Foi um ato político de talento inigualável que mudou da água para o vinho o patamar do desfile das Escolas de Samba no Rio de Janeiro. Quem estava lá sabe, contrariando inclusive a limitação de visão dos realizadores do espetáculo. Nesse sentido, a atuação do Estado se comprovou mais do que pertinente, em todos os aspectos. A repotencialização do espetáculo e sua industrialização gerou um produto audiovisual com condições de competitividade com Las Vegas, que acaba de receber investimentos da ordem de 2 bilhões de dólares em um estádio, unificando esportes aos seus outros entretenimentos. Nossa cegueira se confunde com má fé.

Digo isso frente aos novos fatos atuais, que trocaram a busca por competitividade dos arrecadadores eleitos por beijinhos em bandeiras de todas as cores, na passarela, em busca de votos, ao invés de estarem realizando novos investimentos no aproveitamento periférico do potencial da cidade. É que a carta psicografada pelo mensageiro espírita foi trocada pela recomendação do marketeiro sobre a opinião pública desinformada, embora haja farto material para pesquisa investigativa sobre as polêmicas que envolveram a criação do Sambódromo. Só posso recomendar que estudem cada vez mais e mais profundamente, para não serem substituídos por máquinas de AI.

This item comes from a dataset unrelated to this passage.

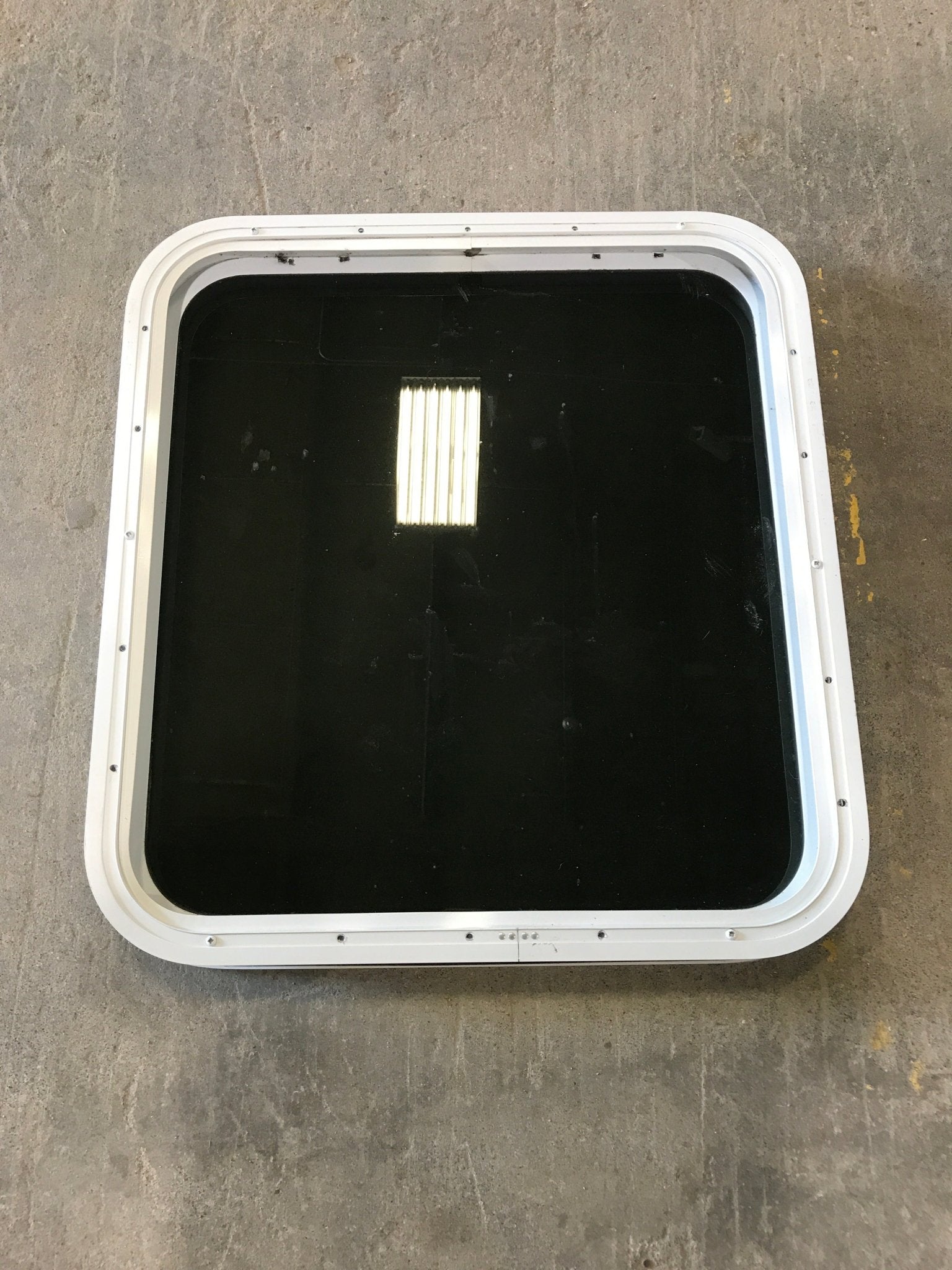 Used White Radius Non Opening Window : 25 1/2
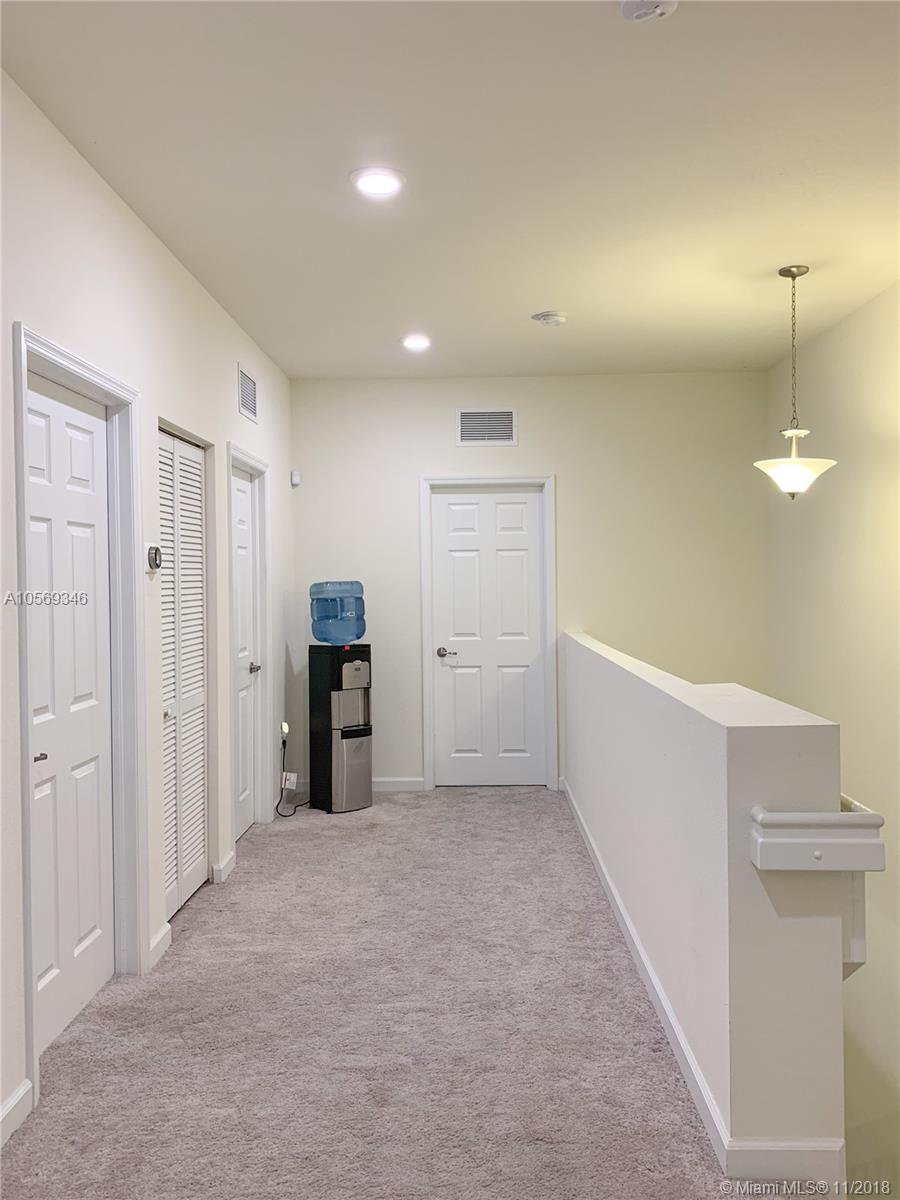 COCO PALM ESTATES - Residential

A regulamentação e o regulamento para critérios de avaliação do desfile devem ser radicalmente mudados, isso é pra ontem, e é dever do Estado incentivar essa mudança, disruptiva, inovadora, que atualize o velho Sambódromo. Não sairá da cabeça dos carnavalescos ou das mãos dos ritmistas certas mudanças. Não é a praia deles, estão em outra dimensão, tem outros compromissos.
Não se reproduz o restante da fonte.